Based on number of titles affected I think the main remaining issue is the whitespace after macro issue. It certainly affects readability.
Apart from the \sqrt(s) pattern the other issues I flagged are quite infrequent.

@tsgit
Copy link
Contributor

tsgit commented Mar 25, 2021

one more problem: "comments" are stripped, that has unintended consequences

Data from Figure 12, 0-20%, shoulder from: Dihadron azimuthal correlations in Au$+$Au collisions at $\sqrt{s_{NN}}=$ 200 GeV
Data from Figure 12, 0-20
Data from Figure 18b - $c_{H\tilde{B}}$vs.$c_{H\tilde{G}}$ Obs. 95% CLs from: Higgs boson production cross-section measurements and their EFT interpretation in the $4\ell $ decay channel at $\sqrt{s}=$13 TeV with the ATLAS detector
Data from Figure 18b - $c_{H\tilde{B}}$vs.$c_{H\tilde{G}}$ Obs. 95
Data from Xi- pT spectrum, Au+Au 7.7 GeV, 40-60% from: Strange hadron production in Au+Au collisions at $\sqrt{s_{NN}}=$7.7 , 11.5, 19.6, 27, and 39 GeV
Data from Xi- pT spectrum, Au+Au 7.7 GeV, 40-60
A 4% measurement of $H_0$ using the cumulative distribution of strong-lensing time delays in doubly-imaged quasars
A 4

there are a lot of those

@tsgit
Copy link
Contributor

tsgit commented Mar 26, 2021

the comments issue is of course easily addressed by option

keep_comments=True

the whitespace issue is trickier. it seems like either pylatexenc leaves all whitespace alone or it gobbles up all whitespace as it is insignificant in math context.
I don't see an option to consume exactly one whitespace after a macro without {} or trailing \

@michamos
Copy link
Contributor Author

Thanks again for the comments @tsgit, I've just pushed a new commit.

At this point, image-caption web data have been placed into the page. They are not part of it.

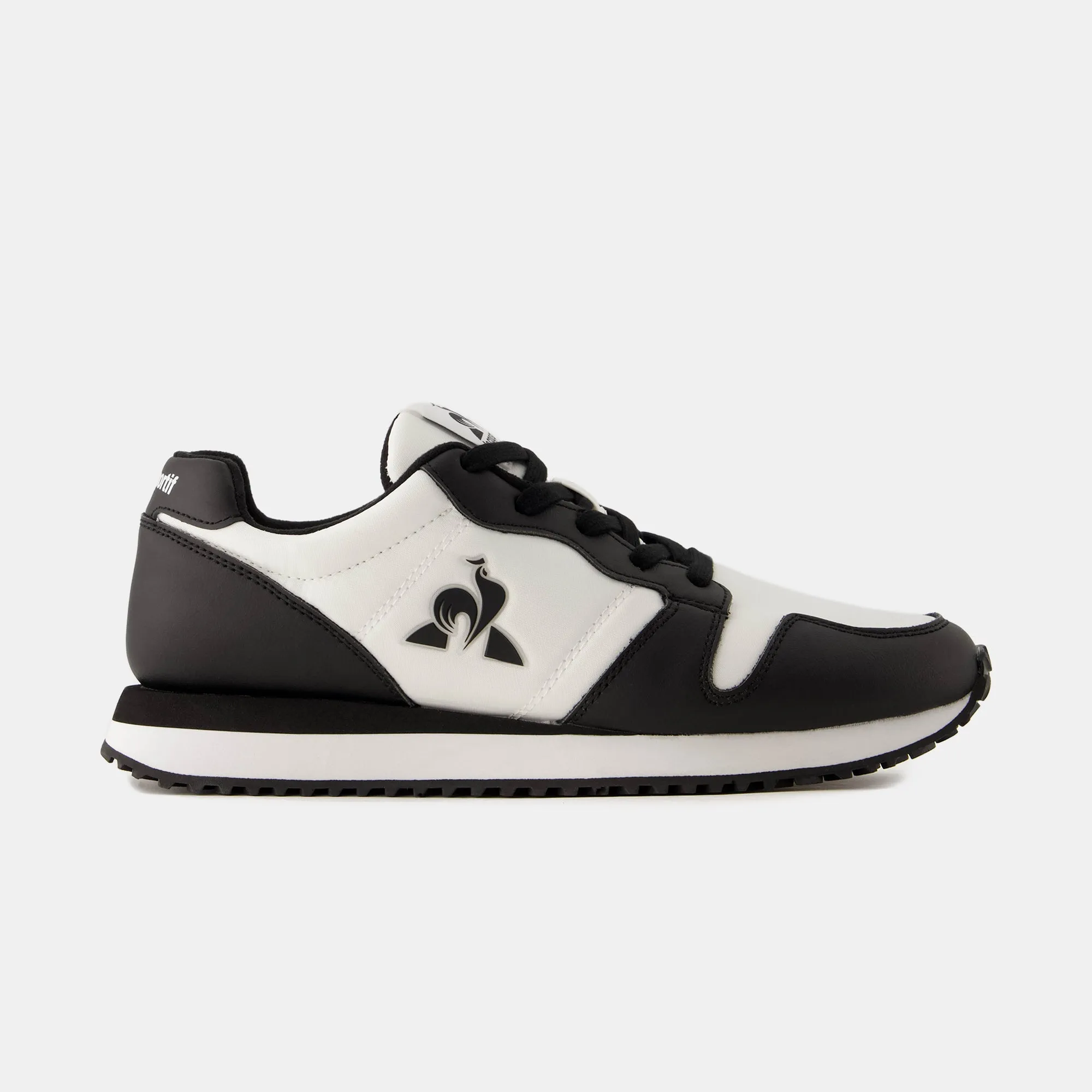 2410691-PLATINIUM_2 optical white/black | Chaussures PLATINIUM_2 Unisexe sold by Le Coq Sportif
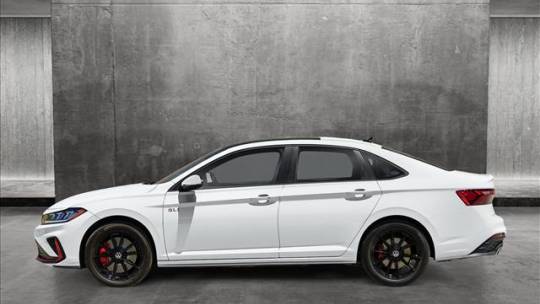 2025 Volkswagen Jetta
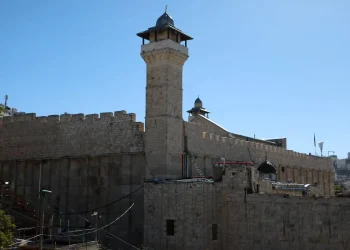 Israel Lakukan 44 Kali Pelanggaran di Masjid Ibrahimi sepanjang Bulan Februari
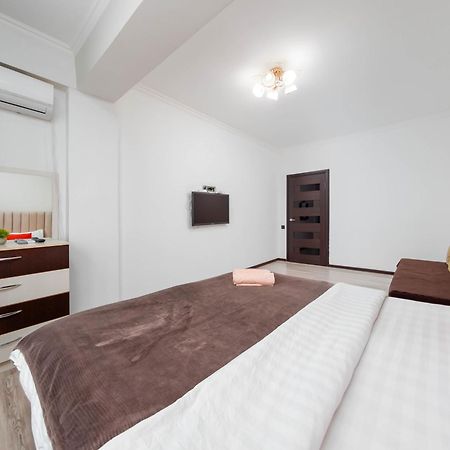אלמטי Appartments " Zhetysu-4" מראה חיצוני תמונה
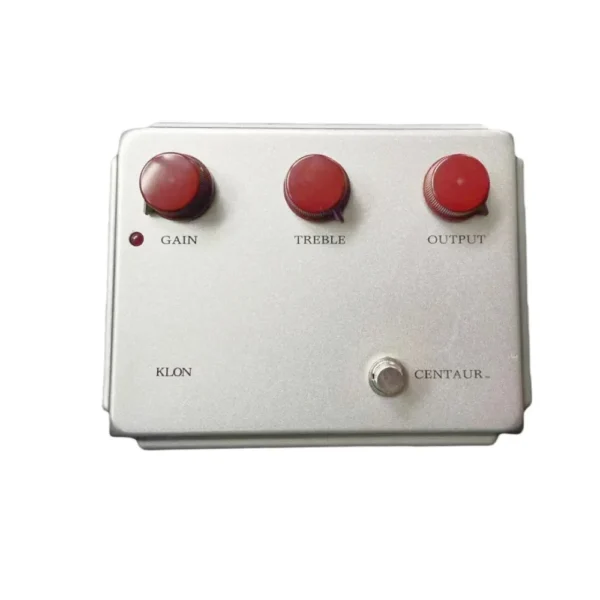 LY-ROCK KLON Centaur ストンプボックス ギターエフェクター 高品質 Kloncentaur オーバードライブエフェクトペダル オリジナルクローン
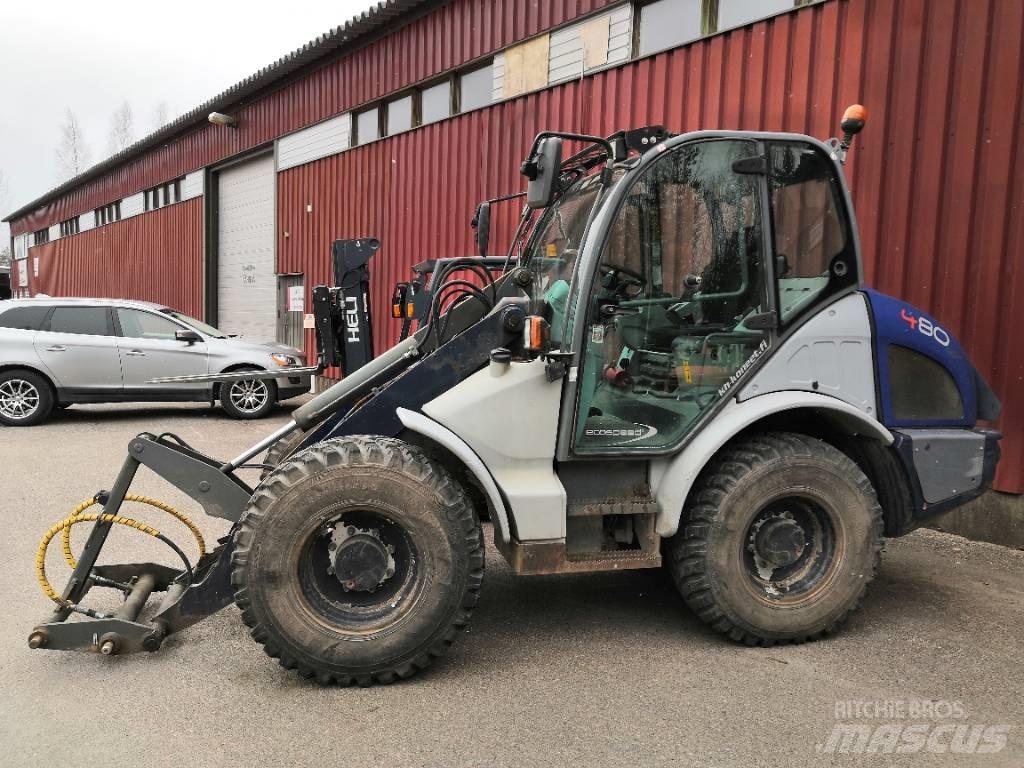 Kramer-allrad 480 Фронтальные погрузчики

  • keep_comments=True is enabled to keep things starting with a %;
  • I've overridden sqrt handling to have different formatting based on whether the next char is a (.

Remaining difficult issues:

  • disappearing spacing: as you certainly know, whitespace in LaTeX is not significant, so 1 vs 2 spaces after a macro are treated in the same way. Macros eat the whitespace after them, so the current uses where space gets gobbled are not strictly LaTeX but TeX-isms (proper LaTeX would be \foo\ bar or \foo{} bar instead of \foo bar). We could set strict_latex_spaces="based-on-source" as documented in https://pylatexenc.readthedocs.io/en/latest/latex2text/#latex-to-text-converter-class, but the opposite issue would arise, in that K\"a hler would be translated to Kä hler. I'm not sure that's much better.
  • braces: the problem here is that macros in LaTeX can take a variable number of arguments delimited by curly braces. For unknown macros, by definition we don't know how many arguments they take, so they are treated by the library as taking zero arguments, so in \foo{bar} {bar} is treated as a group following the macro, not its argument. Furthermore, I decided to preserve braces only for groups containing more than one char (after conversion) to avoid things like K{\"a}hler -> K{ä}hler. Again, there's nothing we can do here except teaching the latexwalker parser about frequently occurring macros it doesn't know (see example in https://pylatexenc.readthedocs.io/en/latest/latex2text/#custom-latex-conversion-rules-a-simple-template).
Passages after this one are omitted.